It’s also important to always reuse ribbons and bows. Stanford University conducted a study concluding if every family reused two feet of holiday ribbon, the 38,000 miles of ribbon saved could tie a bow around the entire planet. Talk about the cutest thing ever.


Forget Hallmark cards and help cut back on the estimated 2.6 billion holiday cards, letters and envelopes that are sold in the U.S. every year. Use recycled materials or e-cards, heartfelt texts and phone calls.

As for food, as tempting as it is to buy all the tasty treats, control yourself. Over 34 million tons of food is wasted each year in the U.S., so it’s important to be realistic with how much food will be eaten at holiday dinner parties. If you do end up with massive amounts of leftovers and know most of them will spoil, look into local soup kitchens or food banks that might be able to put it to good use. When in doubt, the freezer is always a good option.
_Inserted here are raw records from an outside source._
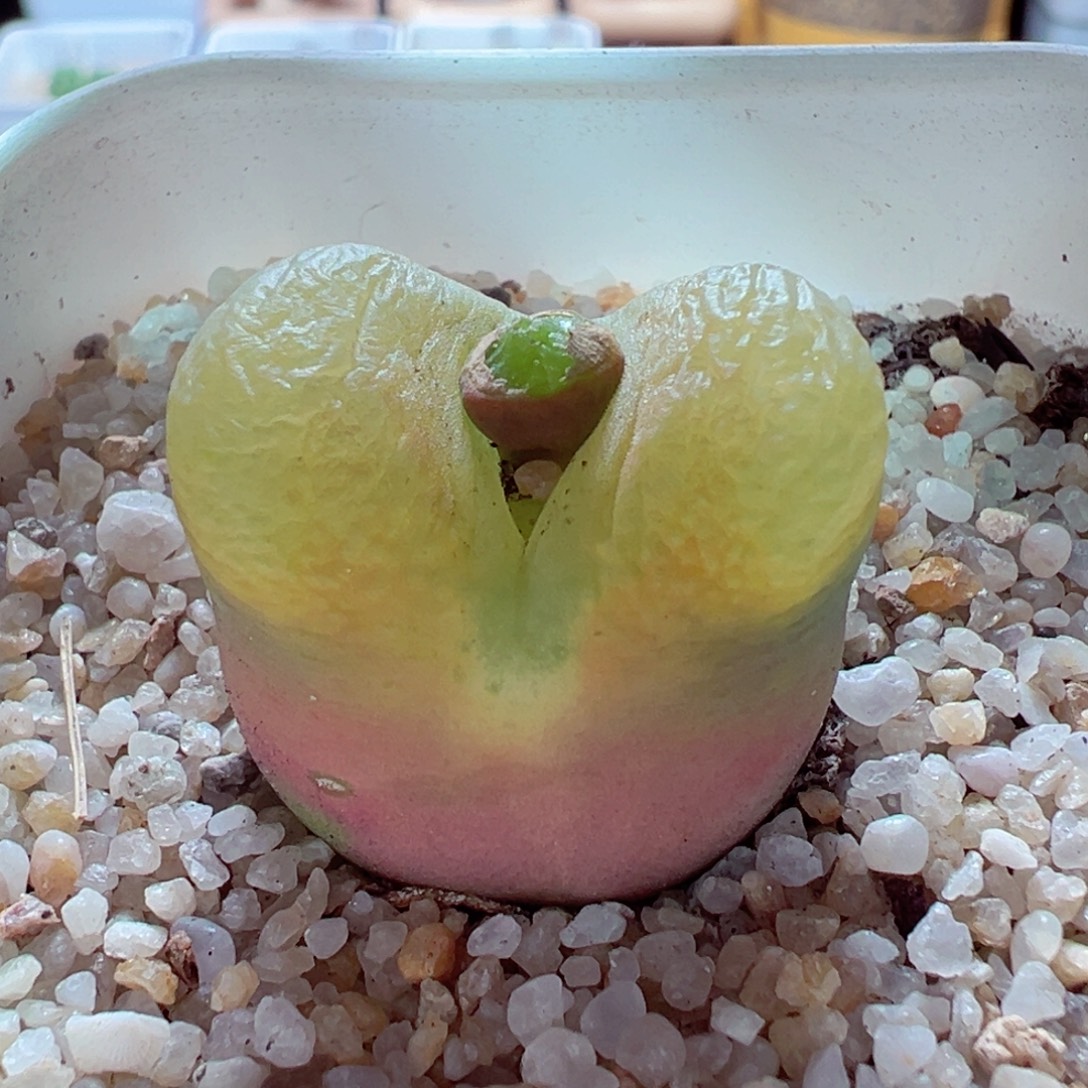 1223-269多肉多肉大毛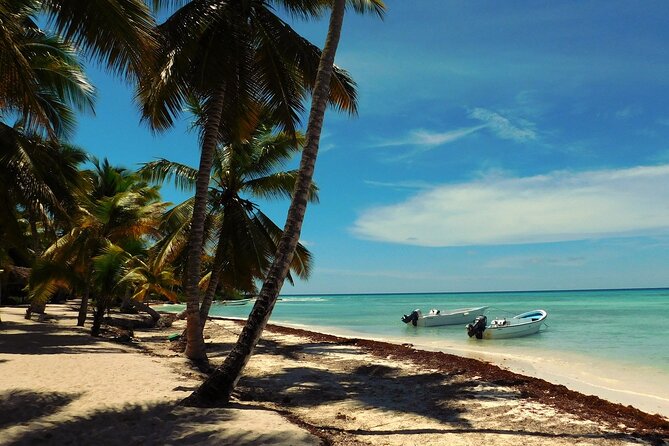 Full Day Tour to Saona Island by Catamaran and Speedboat - The morning start and boat ride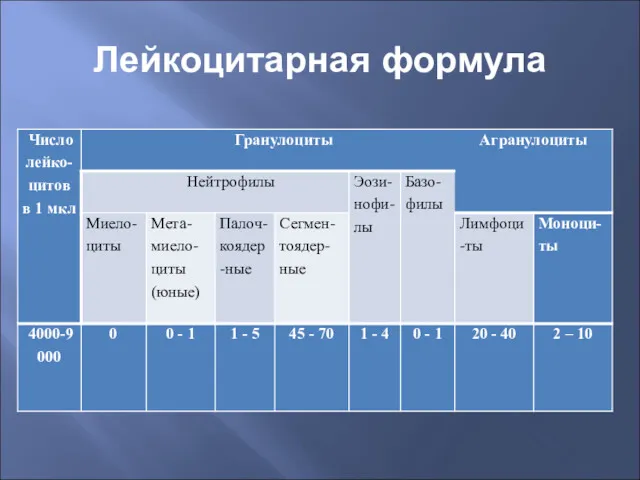 Лейкоцитарная формула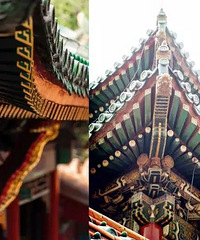 [�²�]û�Ļ�����£�ũ�����ž����洫�ı�����������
If you don’t opt for the reusable holiday tree, take advantage of Portland’s city services that will recycle your tree for you, and keep in mind when decorating said holiday tree, LED lights always beat out traditional incandescents. If you are upgrading, make sure to donate or properly recycle old lights. Speaking of lights, remember to turn them off periodically to save on energy consumption.

It’s time to get creative in the pursuit of cutting back on holiday waste. Buy less and reuse and repurpose more. Not only will you be helping curb the effects of climate change, but as a bonus, you will save money while keeping said funds away from corporate conglomerates. Talk about a win-win-win.